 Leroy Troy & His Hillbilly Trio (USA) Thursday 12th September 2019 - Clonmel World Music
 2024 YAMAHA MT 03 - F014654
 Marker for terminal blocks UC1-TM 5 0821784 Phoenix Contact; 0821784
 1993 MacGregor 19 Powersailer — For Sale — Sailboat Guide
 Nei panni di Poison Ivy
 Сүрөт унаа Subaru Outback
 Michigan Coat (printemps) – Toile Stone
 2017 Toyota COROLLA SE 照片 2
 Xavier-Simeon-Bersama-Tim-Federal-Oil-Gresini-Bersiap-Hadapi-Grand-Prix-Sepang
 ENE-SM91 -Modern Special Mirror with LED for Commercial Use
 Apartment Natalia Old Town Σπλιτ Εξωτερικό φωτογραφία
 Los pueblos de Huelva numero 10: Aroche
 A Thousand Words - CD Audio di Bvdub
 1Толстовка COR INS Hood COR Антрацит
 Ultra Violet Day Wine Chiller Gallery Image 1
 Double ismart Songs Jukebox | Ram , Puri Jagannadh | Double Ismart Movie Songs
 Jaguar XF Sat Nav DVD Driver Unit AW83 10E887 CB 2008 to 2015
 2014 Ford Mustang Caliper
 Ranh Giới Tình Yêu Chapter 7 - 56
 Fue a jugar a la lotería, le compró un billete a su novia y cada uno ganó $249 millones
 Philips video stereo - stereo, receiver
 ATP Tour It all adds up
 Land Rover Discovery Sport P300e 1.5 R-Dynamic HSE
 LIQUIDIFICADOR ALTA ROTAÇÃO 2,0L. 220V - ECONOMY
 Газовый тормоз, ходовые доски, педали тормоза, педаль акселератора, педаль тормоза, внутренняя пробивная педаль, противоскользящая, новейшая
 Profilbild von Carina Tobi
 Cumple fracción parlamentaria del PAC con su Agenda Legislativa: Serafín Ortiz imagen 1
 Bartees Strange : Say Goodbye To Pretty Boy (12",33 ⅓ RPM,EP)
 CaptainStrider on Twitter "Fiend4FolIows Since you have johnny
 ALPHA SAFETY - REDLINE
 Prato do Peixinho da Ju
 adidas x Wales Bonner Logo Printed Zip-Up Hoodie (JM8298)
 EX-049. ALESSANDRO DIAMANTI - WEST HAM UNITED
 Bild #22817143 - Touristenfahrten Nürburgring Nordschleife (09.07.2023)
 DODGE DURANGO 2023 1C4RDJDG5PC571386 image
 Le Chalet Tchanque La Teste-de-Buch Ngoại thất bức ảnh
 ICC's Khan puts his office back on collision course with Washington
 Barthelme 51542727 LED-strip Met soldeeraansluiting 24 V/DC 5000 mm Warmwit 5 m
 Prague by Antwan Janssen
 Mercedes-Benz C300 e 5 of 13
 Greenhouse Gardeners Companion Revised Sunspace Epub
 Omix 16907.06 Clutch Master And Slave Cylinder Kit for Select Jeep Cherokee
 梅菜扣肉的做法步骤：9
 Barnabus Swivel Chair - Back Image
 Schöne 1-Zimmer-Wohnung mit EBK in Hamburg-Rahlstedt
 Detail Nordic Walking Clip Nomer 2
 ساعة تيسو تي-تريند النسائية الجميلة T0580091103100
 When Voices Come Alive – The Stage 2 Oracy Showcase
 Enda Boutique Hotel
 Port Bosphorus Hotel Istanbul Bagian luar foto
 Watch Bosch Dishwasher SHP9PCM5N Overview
_ _ _ _ _ _ _
__REQUIRED ACTION__:
Transcribe, exactly and without additions, the lines of the records above, beginning with the line that contains "Газовый тормоз, ходовые" and ending with the line that contains "CaptainStrider on Twitter", both included.

__RESPONSE AREA__:
 Газовый тормоз, ходовые доски, педали тормоза, педаль акселератора, педаль тормоза, внутренняя пробивная педаль, противоскользящая, новейшая
 Profilbild von Carina Tobi
 Cumple fracción parlamentaria del PAC con su Agenda Legislativa: Serafín Ortiz imagen 1
 Bartees Strange : Say Goodbye To Pretty Boy (12",33 ⅓ RPM,EP)
 CaptainStrider on Twitter "Fiend4FolIows Since you have johnny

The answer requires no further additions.